Check out our Javascript client or Python client to get started.

npm install @speechmatics/real-time-client @speechmatics/auth

3. Insert your API key

Paste your API key into YOUR_API_KEY in the code.

import https from "node:https";
import { createSpeechmaticsJWT } from "@speechmatics/auth";
import { RealtimeClient } from "@speechmatics/real-time-client";

const apiKey = YOUR_API_KEY;

const client = new RealtimeClient();

const streamURL = "https://media-ice.musicradio.com/LBCUKMP3";

const stream = https.get(streamURL, (response) => {
// Handle the response stream
response.on("data", (chunk) => {
client.sendAudio(chunk);
});

response.on("end", () => {
console.log("Stream ended");
client.stopRecognition({ noTimeout: true });
});

response.on("error", (error) => {
console.error("Stream error:", error);
client.stopRecognition();
});
});

stream.on("error", (error) => {
console.error("Request error:", error);
client.stopRecognition();
});

client.addEventListener("receiveMessage", ({ data }) => {
if (data.message === "AddTranscript") {
for (const result of data.results) {
if (result.type === "word") {
process.stdout.write(" ");
}
process.stdout.write(`${result.alternatives?.[0].content}`);
if (result.is_eos) {
process.stdout.write("\n");
}
}
} else if (data.message === "EndOfTranscript") {
process.stdout.write("\n");
process.exit(0);
} else if (data.message === "Error") {
process.stdout.write(`\n${JSON.stringify(data)}\n`);
process.exit(1);
}
});

createSpeechmaticsJWT({
type: "rt",
apiKey,
ttl: 60, // 1 minute
}).then((jwt) => {
client.start(jwt, {
transcription_config: {
language: "en",
operating_point: "enhanced",
max_delay: 1.0,
transcript_filtering_config: {
remove_disfluencies: true,
},
},
});
});

Transcript outputs

The API returns transcripts in JSON format. You can receive two types of output: Final and Partial transcripts. Choose the type based on your latency and accuracy needs.

Final transcripts

Final transcripts are the definitive result.

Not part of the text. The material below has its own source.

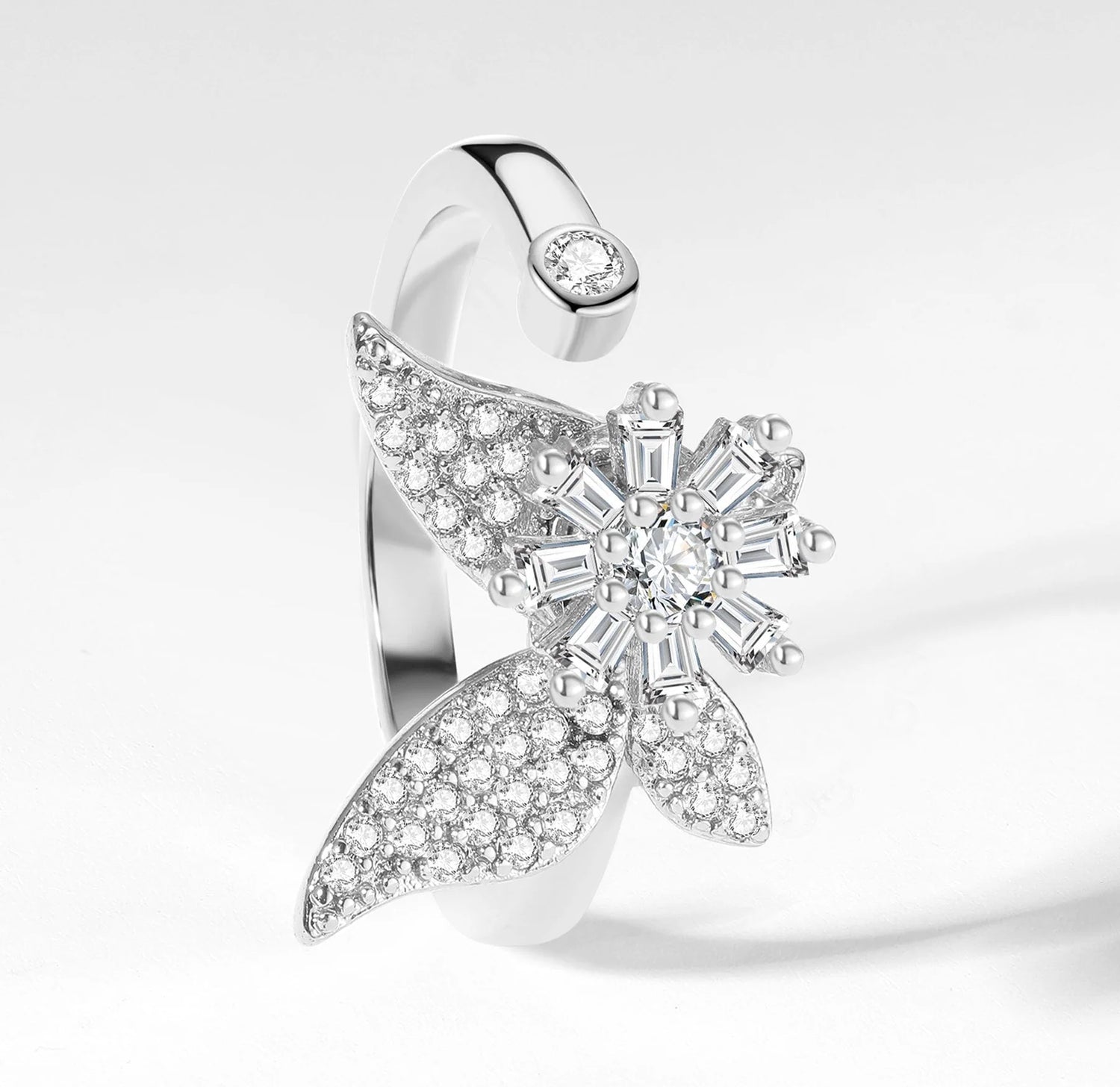 ASTRÉA | Bague anti-stress en acier inoxydable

  • They reflect the best transcription for the spoken audio.
  • Once displayed, they are not updated.
  • Words arrive incrementally, with some delay.

You control the latency and accuracy tradeoff using the max_delay setting in your transcription_config. Larger values of max_delay increase accuracy by giving the system more time to process audio context.

TIP

Best for accurate, completed transcripts where some delay is acceptable

Partial transcripts

Partial transcripts are low-latency and can update later as more conversation context arrives.

  • You must enable them using enable_partials in your transcription_config.
  • Partials are emitted quickly (typically less than 500ms).
  • The engine may revise them as more audio is processed.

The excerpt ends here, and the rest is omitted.